Dataset excerpt:

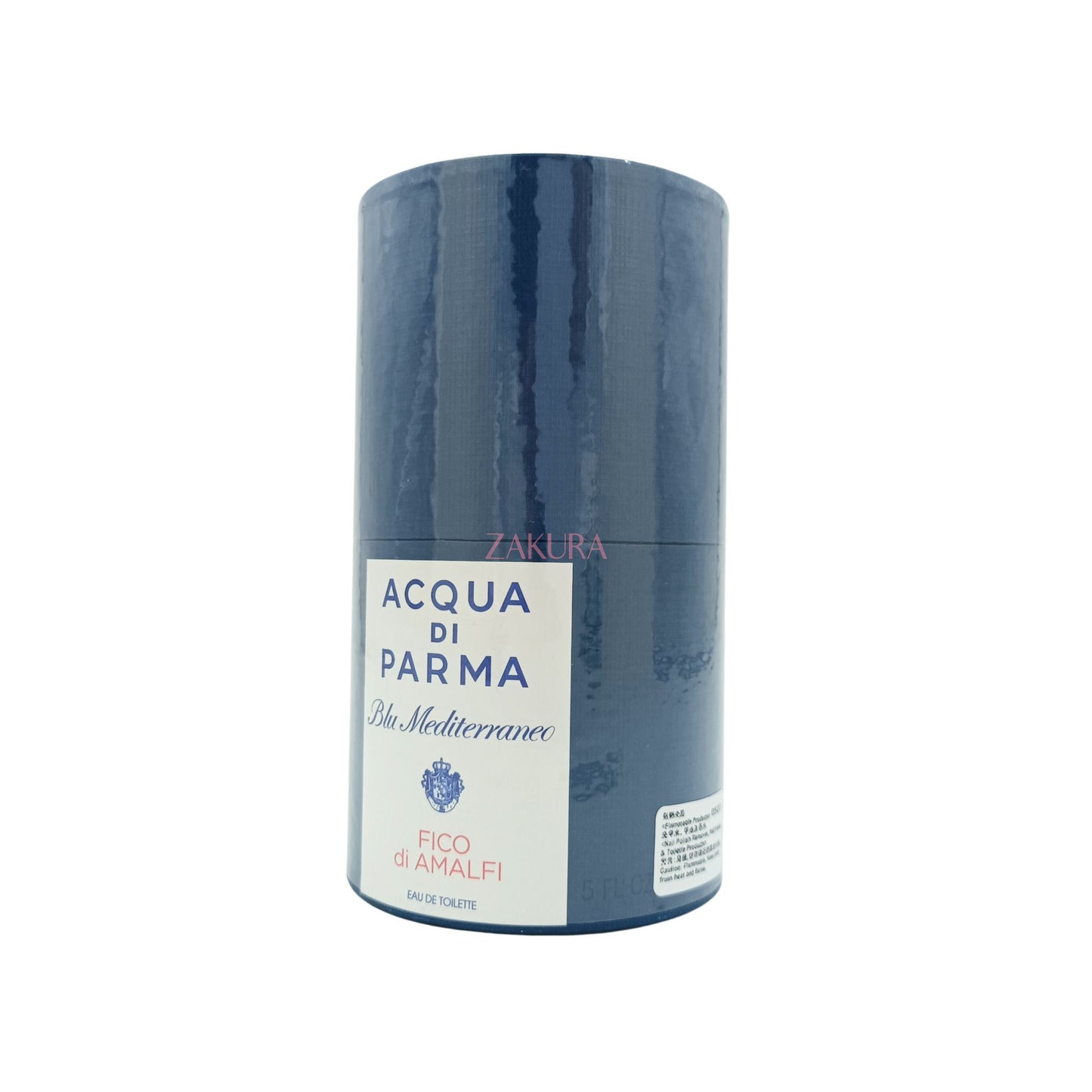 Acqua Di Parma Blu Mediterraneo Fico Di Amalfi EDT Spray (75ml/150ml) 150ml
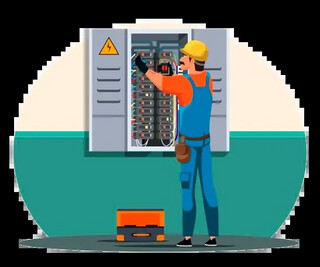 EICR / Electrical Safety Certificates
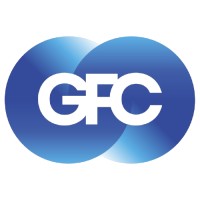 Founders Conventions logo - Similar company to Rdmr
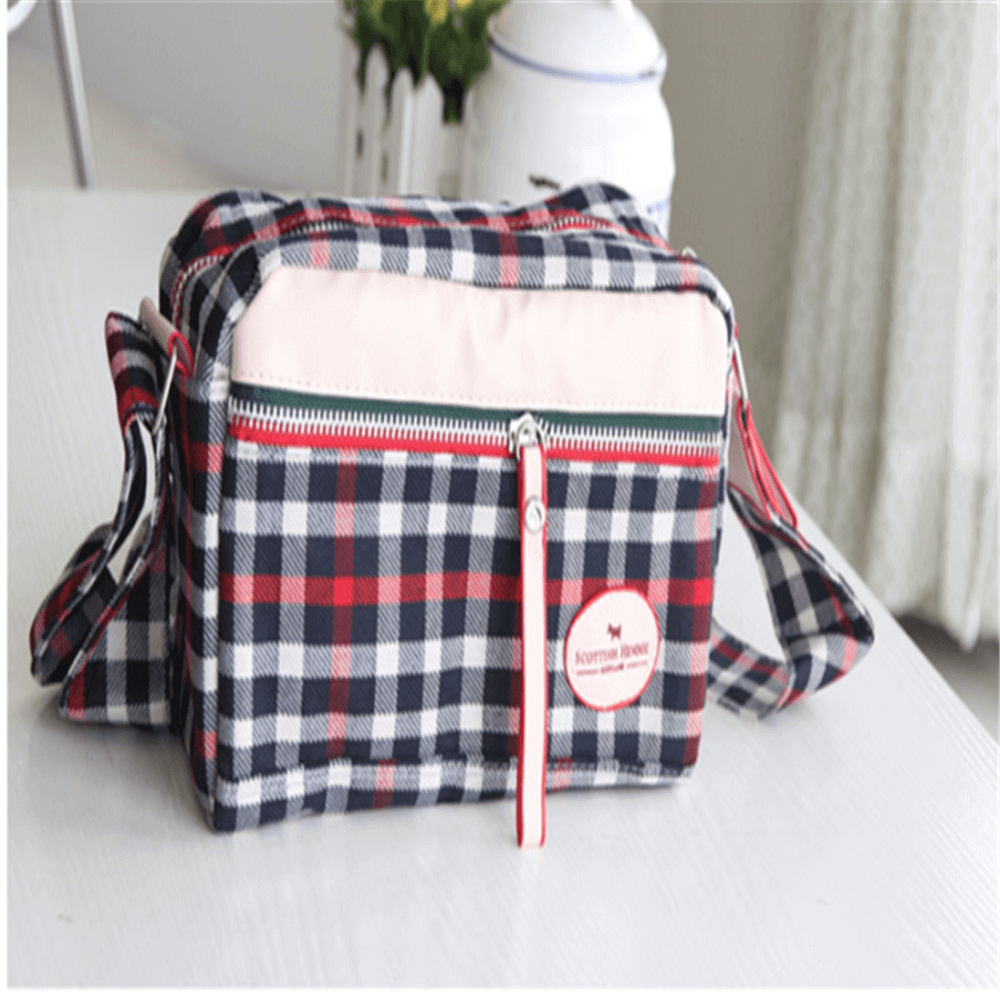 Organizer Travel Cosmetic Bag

Exercise prompt:
Copy out the material above in full and exactly, but with no pictures.

Problem solution:
 Acqua Di Parma Blu Mediterraneo Fico Di Amalfi EDT Spray (75ml/150ml) 150ml
 EICR / Electrical Safety Certificates
 Founders Conventions logo - Similar company to Rdmr
 Organizer Travel Cosmetic Bag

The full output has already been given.